One of the other things that I'm trying to do is to come up with some better ways that we can cite astronomical data that aligns with the recent Joint Declaration of Data Citation Principles:	

	https://www.force11.org/datacitation

(in part, because I had a talk accepted on the topic for the AAS [1] ... and I've also got a poster in SPD on this topic of documenting FITS headers [2] to pressure me to do some work on it)

...

I think the important thing is that we need to be using some sort of persistent URLs to the documentation, rather than just a URL to some PI's website.  It might be possible that we could get AAS as a society to store & host the documentation along with the journal.  It's also possible that the NASA/ADS folks at SAO might consider this to be complementary to their work and agree to maintain either a repository or a redirection service.

(there's also a 'NASA Labs' grant that comes around once a year that we might be able to get some seed money (up to $30k) to get it started)

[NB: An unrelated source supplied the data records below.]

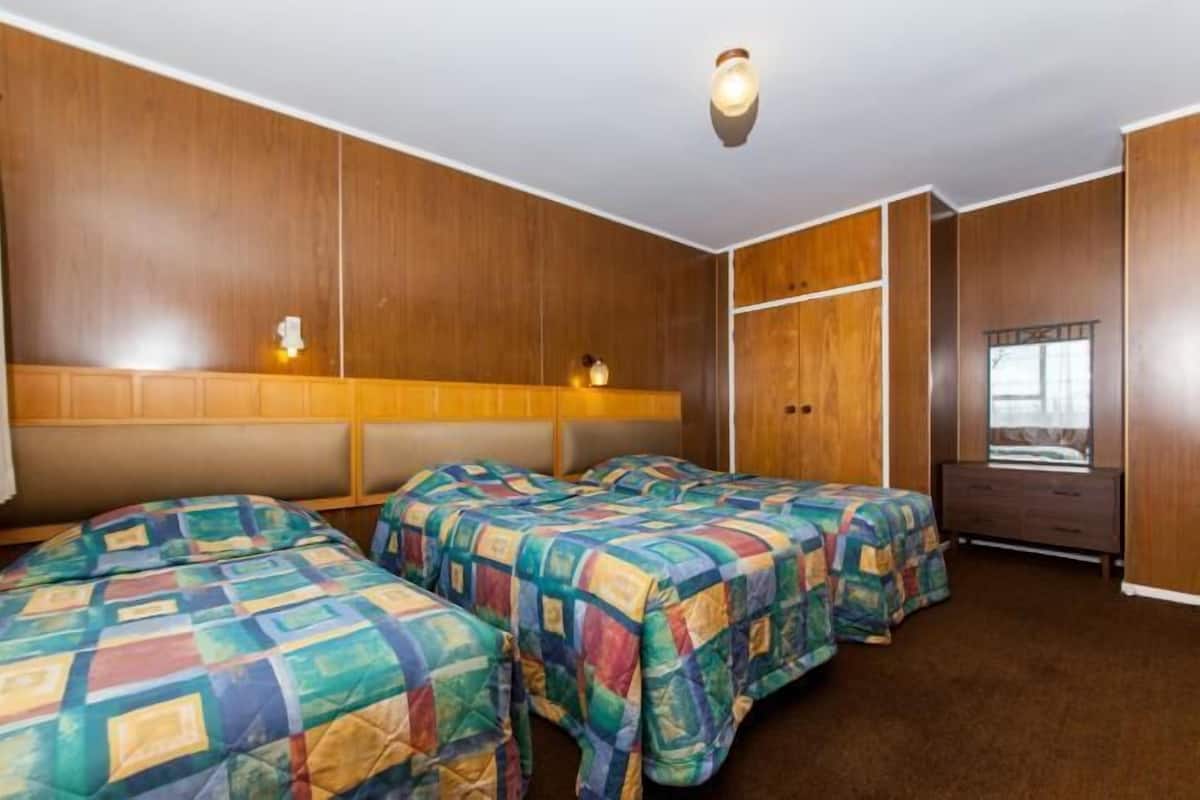 Habitación de hotel con dos camas, paneles de madera, un aparador y una ventana.
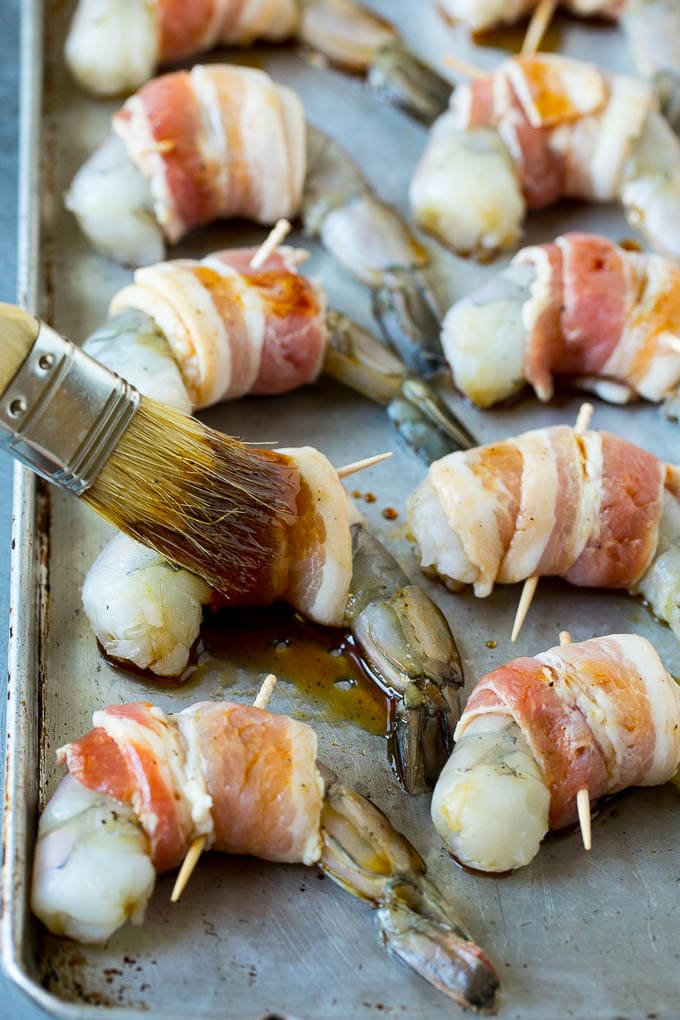 Bacon Wrapped Shrimp Recipe | Bacon Shrimp #shrimp #bacon #appetizer #dinner #sadud #seafood A basting brush applying sauce to shrimp.
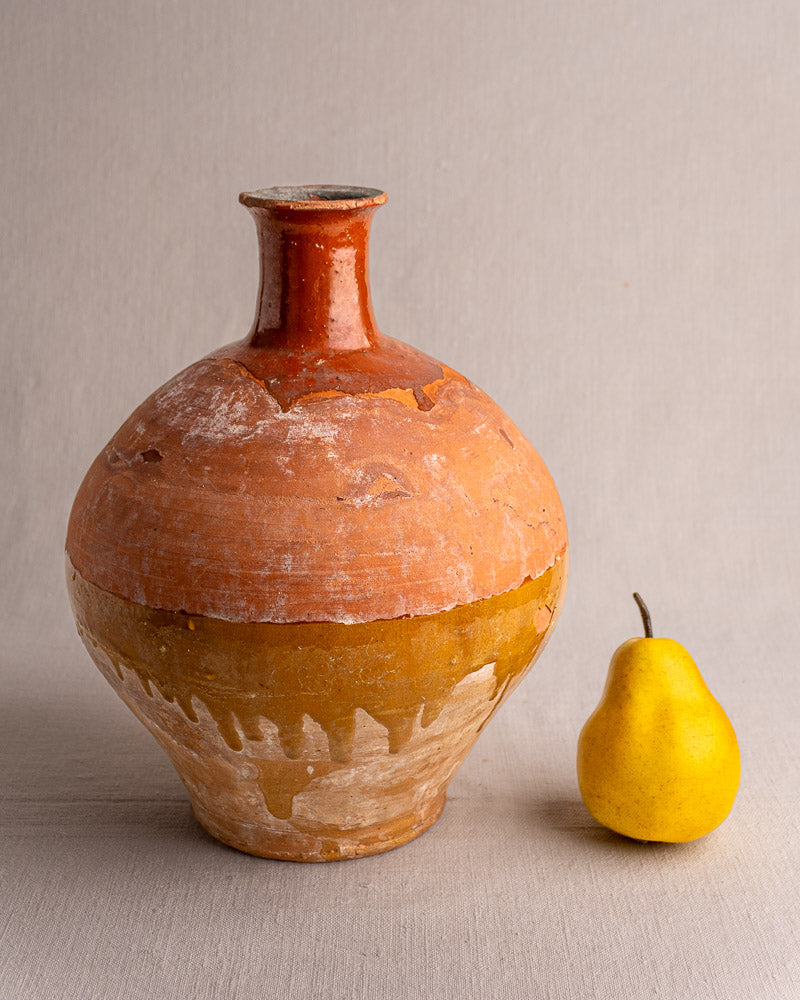Antique French earthenware hand-thrown bonbonne with bichrome glaze, displayed next to a yellow pear on a beige surface.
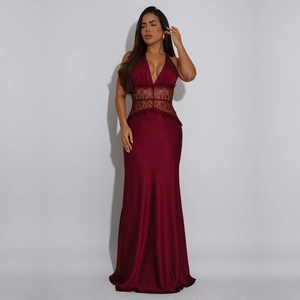 Close-up of elegant burgundy V-neck evening dress with intricate lace waist detailing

> In the rest of your e-mail, Joe, you give wonderful examples of the varied (mis?)use of supposedly standard keywords.  My inclination is to create much more specific keywords.  The reason is that in radio astronomy, at least, technology is now leading towards hardware which is very adaptable to an observer's specific requirements.  The most egregious example I can think of is the CASPER hardware.  We now have ROACH-1 boards with KATADCs for radio astronomy at each of out three DSN stations.  Observers can bring their own firmware, so that the same hardware may be a spectrometer for one group, a spectro-polarimeter for another, a pulsar timing back-end for a third group, a pulsar search engine for the fourth, and so on.  Our new receivers are configurable too, so that they provide HV polarization or RL polarization as requested, and the IF outputs can be I/Q (in/quadrature phase) or USB/LSB pairs.  The software that I'm trying to write must capture the state of that equipment and write it to FITS headers so the analyst will later know exactly what happened to convert photons to bits.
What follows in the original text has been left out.